As we had explored in previous classes, division is subtraction again and again and again, multiplication is adding again and again.  Exponentiation is multiply again and again and again— They are all inventions to simplify repeated computation.

So is the invention of logarithm: taking log is division again and again and again.   They were invented by John Napier who was a Scottish mathematician, physicist, and astronomer  in 1614 as a means to simplify calculations.
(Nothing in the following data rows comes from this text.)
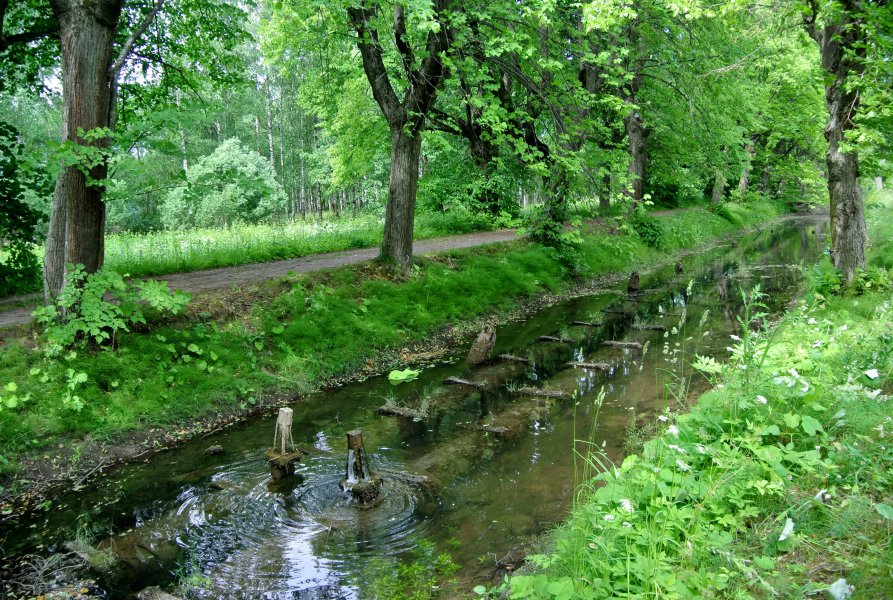 Карта лугового парка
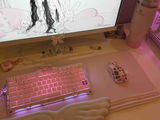 B.N. review photo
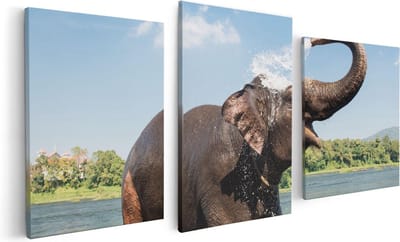 Artaza Canvas Schilderij Drieluik Vrolijke Olifant In Het Water  - 120x60 - Foto Op Canvas - Canvas Print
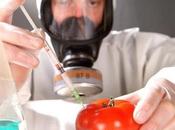 Food Stabilizer Market 2022 Demand, Opportunities ,Size Forecast 2026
🙂 Today’s  Python numpy class summary:

Log10 means how many times divide by 10 will return you to 1. log10(100) will give you 2 because 100 divide by 10 twice returns us to one.
>>> np.log10(100)
One trillion divide by 10 twelve times returns it to 1.
>>> np.log10(1000000000000)

>>> np.linspace(0.0, 3.0, num=4)
Out: array([0., 1., 2., 3.])

>>> np.logspace(0.0, 3.0, num=4)
Out: array([   1.,   10.,  100., 1000.])

>>> np.linspace(0.0, 12.0, num=13)
Out: array([ 0.,  1.,  2.,  3.,  4.,  5.,  6.,  7.,  8.,  9., 10., 11., 12.])
>>> np.logspace(0.0, 12.0, num=13)
Out: array([1.e+00, 1.e+01, 1.e+02, 1.e+03, 1.e+04, 1.e+05, 1.e+06, 1.e+07, 1.e+08, 1.e+09, 1.e+10, 1.e+11, 1.e+12])

Bonus:  Did you know that Engineers and scientists used to use a tool called “slide rule” (计算尺) to do logarithmic computations until 1970s when electronic computer and calculators came into use.  You should go and check it out if any of your grandparents have one of these.